A ex-presidenta do Instituto Brasileiro de Meio Ambiente e dos Recursos Naturais Renováveis, Suely Mara Vaz Guimarães de Araújo, criticou aquilo que chamou de “visão míope” de redução da máquina pública em setores essenciais, como os órgãos de controle e fiscalização ligados ao meio ambiente.
“Um empreendimento licenciado pelo Ibama conta com uma equipe de aproximadamente oito ou nove pessoas. Imagine quantos bilhões não estão envolvidos, por exemplo, no licenciamento de uma hidrelétrica. Quanto não vai custar a mais o atraso no licenciamento? Quantos empregos não deixarão de ser gerados se uma licença dessas não sair? [O governo] economiza no salário de cem analistas [ao não realizar concursos públicos] e corre o risco de perder bilhões por mês [pela falta do licenciamento]. É uma visão míope”, disse.
Já o advogado Maurício Guetta enfatizou que o grau de exigência do licenciamento ambiental deve ser proporcional ao grau de impacto da atividade econômica no meio ambiente. Além disso, o advogado pediu seriedade e serenidade nos discursos em torno do meio ambiente, em especial, com a atual situação da Floresta Amazônica.

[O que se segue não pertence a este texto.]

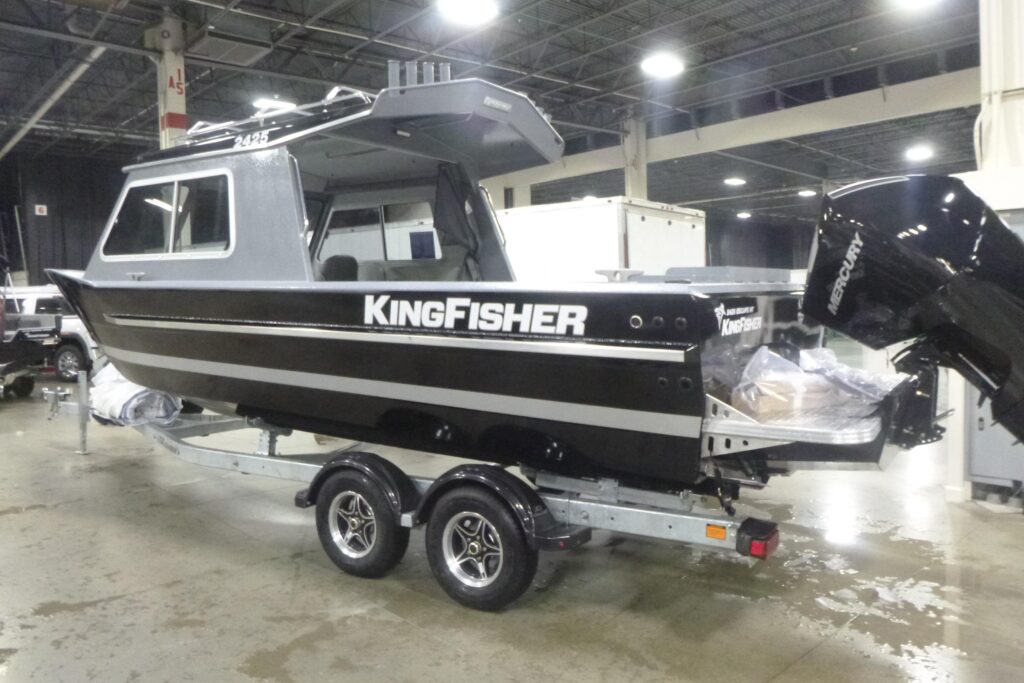 KingFisher 2425 Escape HT boat displayed at an indoor boat show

“Nesse momento em que a Amazônia está em chamas, faço um apelo para que se eleve o patamar dos debates que, infelizmente, estão se reduzindo a meros tuites ideológicos e se retome a serenidade e o equilíbrio das decisões mais importantes desse País. Principalmente quando estamos tratando de um bem tão relevante que é o meio ambiente, direito de todos e dever do Poder Público resguardar”, enfatizou.